Tuesday, November 8, 2011

I was sitting in a restaurant last week being served drinks from one of my favorite bartenders – we go back probably at least seven years and I have known her through four restaurants in that time – and someone entered the place who I know more or less casually.  As Kim and I were talking about wine, and I inquired about what the other person has been up to, she gave me the scoop and part of it was that she now lives and works in Australia.  Her friend who was already there waiting for her offered that the best wine comes from there, which gave me an immense laugh.

Australia, while the fourth largest exporter of wine in the world, it only really started to show some prominence in the late 1970s.  Before that, the first recognized quality wines didn't come out until around 1820.  In fact, one of the best companies, Shinas Estates didn't start commercially releasing wine until 2002. 

The funny thing is how people tend to parrot what they have read in several wine magazines, or have heard from people who are supposed to be in the know, without having done due diligence on their own.  I have heard just about every pitch about wines from South America, Canada, France and Australia echoed by a litany of people who have never even drank more than ten wines from each region, let alone ones that cost more than twenty dollars a bottle and were complex.  Funnier still was one associate about twenty-two years old that stated that he knew a lot about wine and could tell good ones from bad ones, especially Merlot.  I asked him how many Merlots he had experienced and the answer was four. 

The biggest problem with mentalities like these is that the people offering their advice, whether non-commercially or commercially – say your waiter, bartender or someone else in a restaurant – is that if you trust them, you're getting short-changed to a great degree.  I could tell you so many stories of bartenders trying to tell me something about wine and being completely wrong, I make some mistakes too, but I'm not selling it to you.  And then there are the people hawking wine to you, who also know very little.  Please, if you're buying wine in the state of Pennsylvania, know that most of the people that work in the stores, including those that are Premium Collection stores, know very little, if anything, about wine.
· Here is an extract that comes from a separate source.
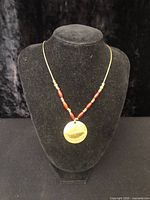 Front view of necklace on display bust showing brass pendant and red bead accents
As far as who makes the best wine, there is no way to adequately rate New World styles versus Old World styles because they each bring out different tastes in the grape.  While I am always knocking the French [because of their hubris in talking about how good they are at food and wine], I would be totally an idiot to say that they know very little and that styles from area such as Bordeaux, Champagne and Burgundy are trite.  I have had great wines from Argentina, Chile, Australia, Slovenia, Canada, Spain, Portgual, Austria and Greece.  I stick to my guns that Italy by far has the greatest range of wines and styles of wines and unfortunately many of them haven't been experienced outside of Europe in general and Italy specifically.  Also, don't sleep on American wines, whether coming from California, Oregon and Washington state, or the Finger Lakes region in upstate New York or Pennsylvania.  The latter has Chadds Ford, Penns Woods and Presque Isle to name a few.

It takes a long amount of tasting, not just wines from different countries, but wines of the same varietal and/or style within a viticultural area to even begin to seriously have something to contribute when grading wines.  If you just drink sweet wines, faux wines (Arbor Mist anyone?) or straight out imposters (what is port versus what Port isn't), then you probably can't say much about wines.  And if you only drink what you have read about in magazines, or what you have historically heard makes you a true connoisseur (red wines from France), then you really can't say anything either.

You can easily rate one wine against another, in regards to which one you think tastes better, but what works for you might not work for someone else.  I love some of the complex wines coming from the Okanagan Valley in Canada, but not all producers in that area make the same stuff.  There are many excellent producers around the world, regardless of continent, and the amount of a wine sold, nor the price really is an adequate indicator of who makes the best.  I mean, look at all of that Yellowtail, White Zinfandel, Two Buck Chuck, and Mad Dog that has been sold in this country.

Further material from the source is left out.